# DATA EXTRACT

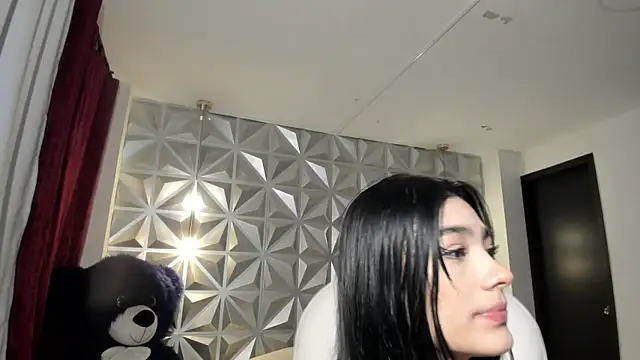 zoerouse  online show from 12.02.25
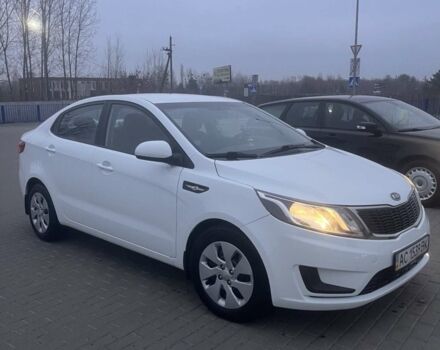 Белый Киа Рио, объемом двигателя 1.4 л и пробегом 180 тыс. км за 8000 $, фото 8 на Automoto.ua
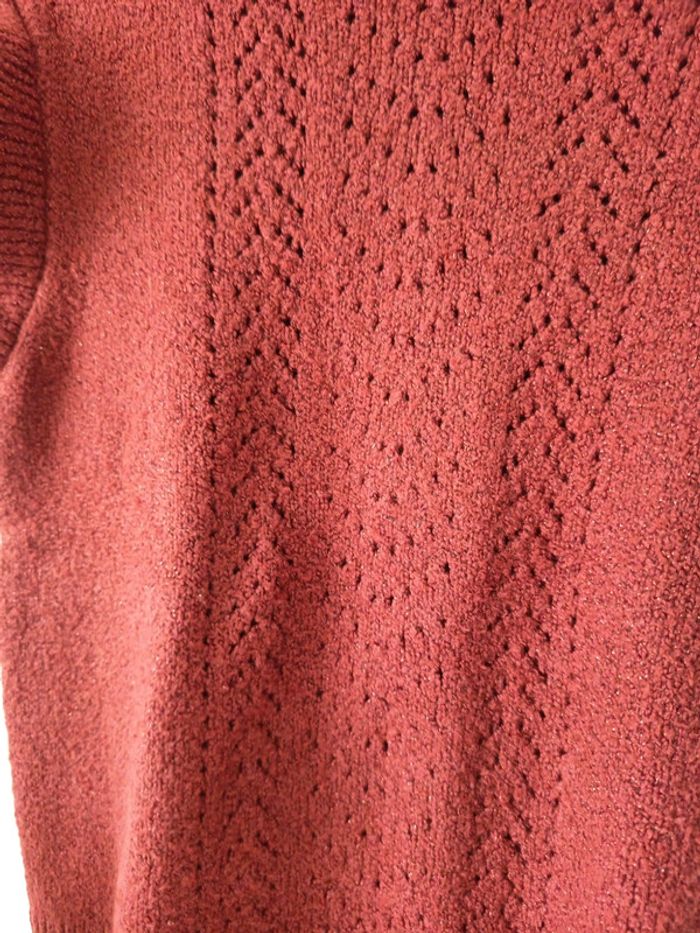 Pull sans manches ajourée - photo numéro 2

---

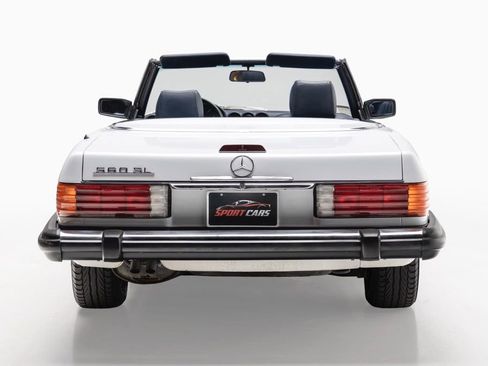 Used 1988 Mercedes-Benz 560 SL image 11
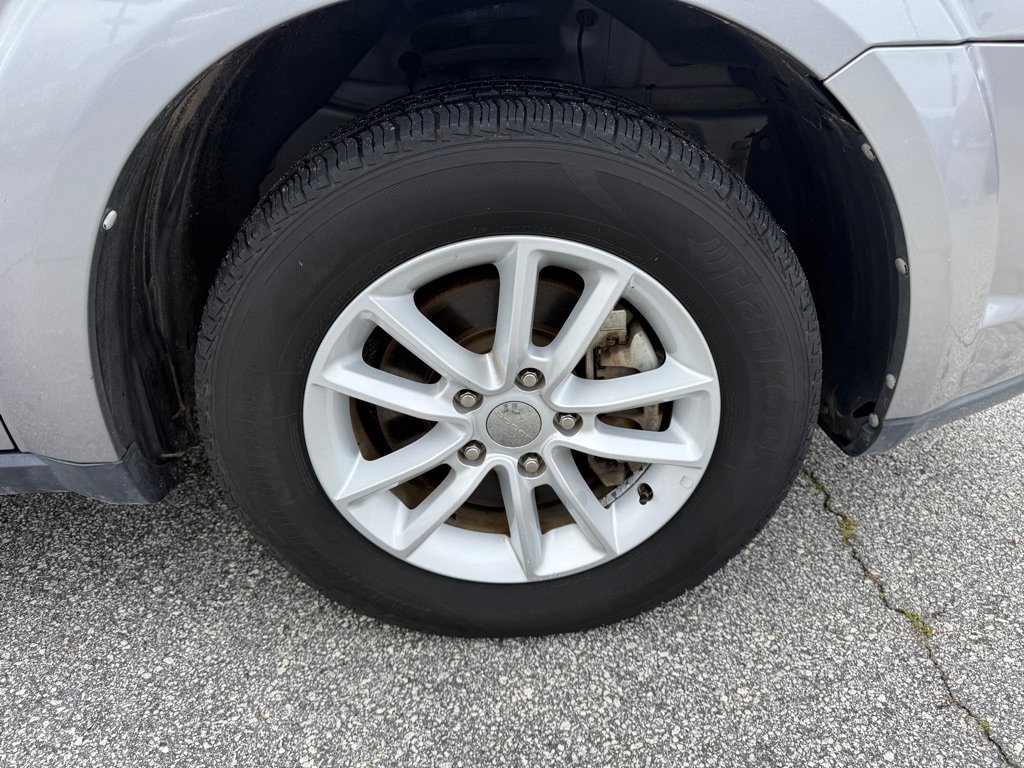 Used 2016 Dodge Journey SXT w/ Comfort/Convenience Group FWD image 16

==

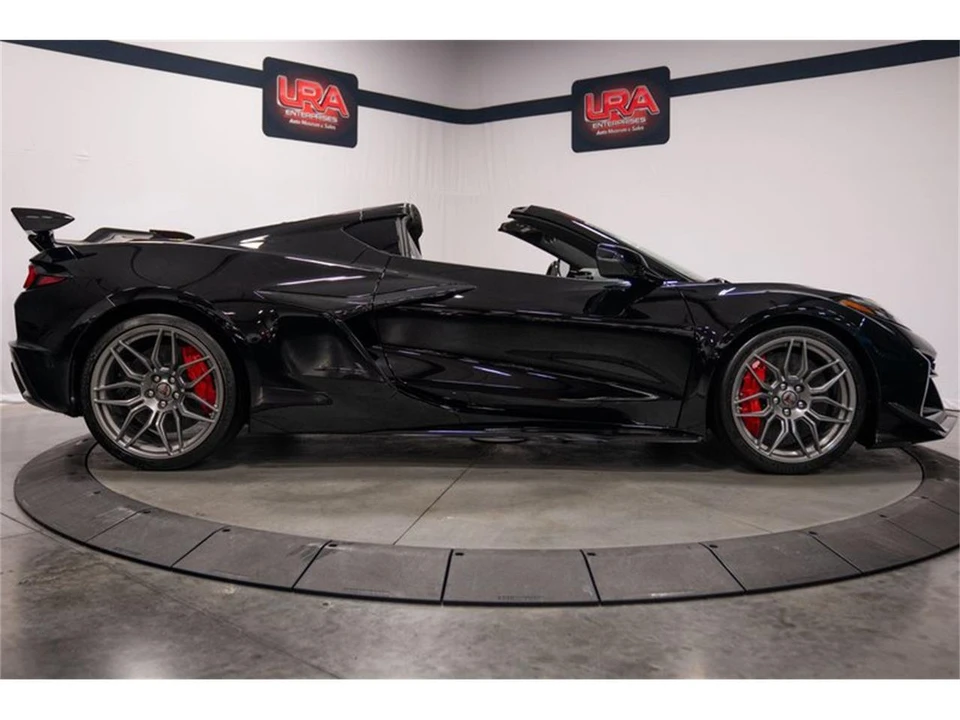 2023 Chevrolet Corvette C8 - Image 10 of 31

# THE PROBLEM
Copy exactly the material above from the line with "show from 12.02.25" to the line with "Pull sans manches ajourée - photo numéro 2", ends included, and nothing else. Leave out any picture.

# ANSWER TO THIS PROBLEM
 zoerouse  online show from 12.02.25
 Белый Киа Рио, объемом двигателя 1.4 л и пробегом 180 тыс. км за 8000 $, фото 8 на Automoto.ua
 Pull sans manches ajourée - photo numéro 2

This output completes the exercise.